LONDON – A leading investment group has launched the most expensive, diverse and creative advertising campaign ever run outside of Pakistan to promote Gwadar as the investment destination and to invite attention towards the future hub of economic activity in the South Asian country.
A total of 100 iconic red double-decker buses in London, the capital city of England, are running across 17 routes, carrying a beautiful banner which reads “Gwadar: The Gateway to Emerging Pakistan”.
A port city in Balochistan province of Pakistan, Gwadar which is being built and developed with help from China under the China-Pakistan Economic Corridor (CPEC) project has the potential to rival Dubai.
The campaign, sponsored by China Pak Investments Corporation (CPIC), has the potential to reach or make an impact on at least 10 million people for the month-long duration it will be featured on London buses.

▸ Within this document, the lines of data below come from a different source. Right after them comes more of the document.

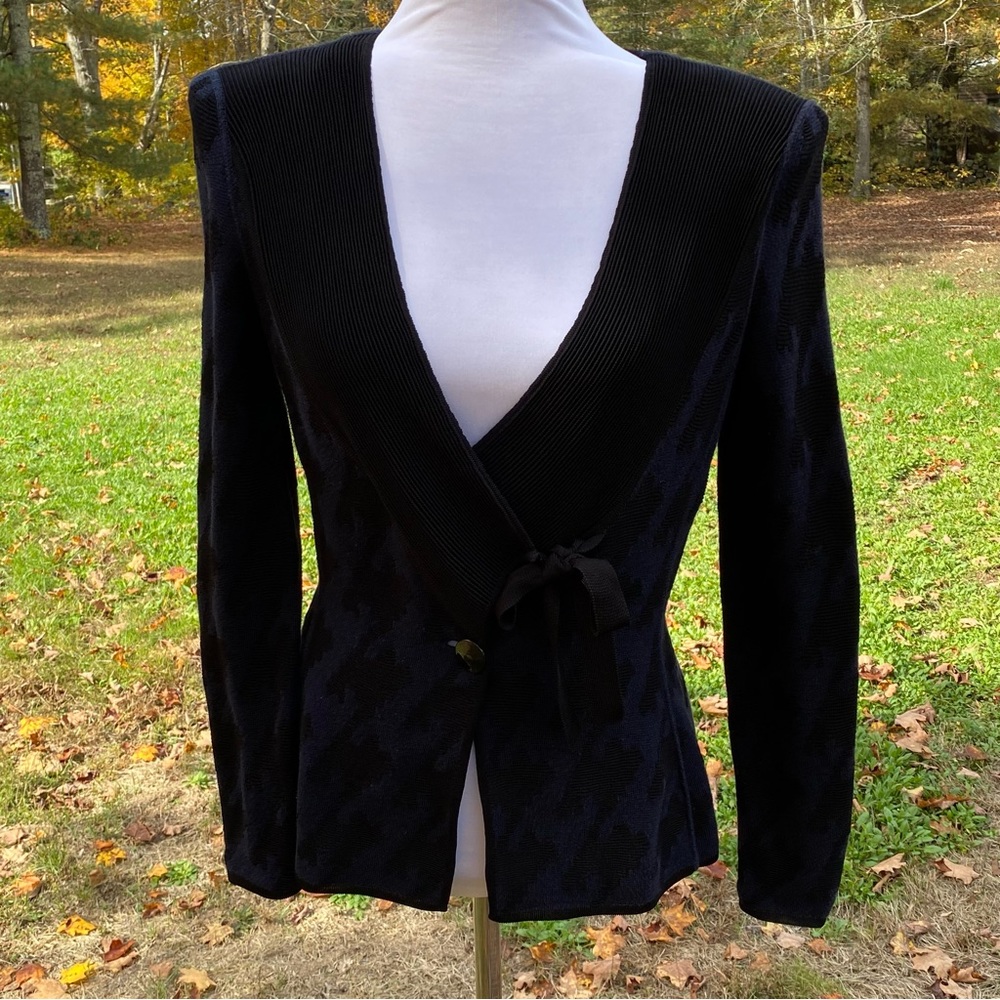 ARMANI COLLEZIONI SWEATER CARDIGAN BLACK TEXTURED BLUE PRINT BUTTON TIE Size 6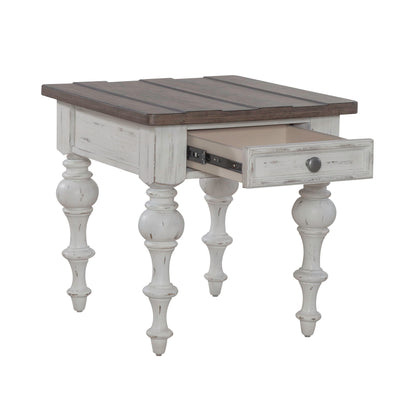 River Place - End Table - Riverstone White & Tobacco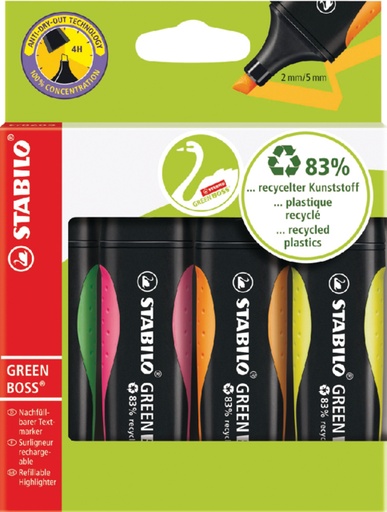 [635240] Markeerstift STABILO GREEN BOSS 6070/4 assorti etui à 4 stuks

In an interview to a private TV channel, One Investments Limited Chief Operating Officer Stuart Reid said that the “red Gwadar buses” have been launched in Zone 1 of Central London, the heart of the world’s financial capital, and go out till Zone 4 to celebrate Gwadar.
“It’s our estimate that at least 10 million of the world’s most influential people will see these buses whilst parading the poshest localities of Central London from Oxford Street to Park Lane and Buckingham Palace to the Houses of Parliament and Lords in Westminster.
“We have put Pakistan and Gwadar on the highest platform in the most prime locality of London, the city with the world’s most billionaires, which sees over $5 trillion in daily financial transactions,” he told Geo News.
According to Reid, the aim of this campaign is to showcase Gwadar as the emerging trade hub of South Asia on the global platform.
Amongst the fastest growing economies in Asia, Pakistan is poised to become the 20th largest economy in the world by 2030.
China has committed $62 billion to the initiative under its One Belt One Road initiative to develop commercial logistics links with Europe to get access to a warm water port 350 miles from the Straits of Hormuz.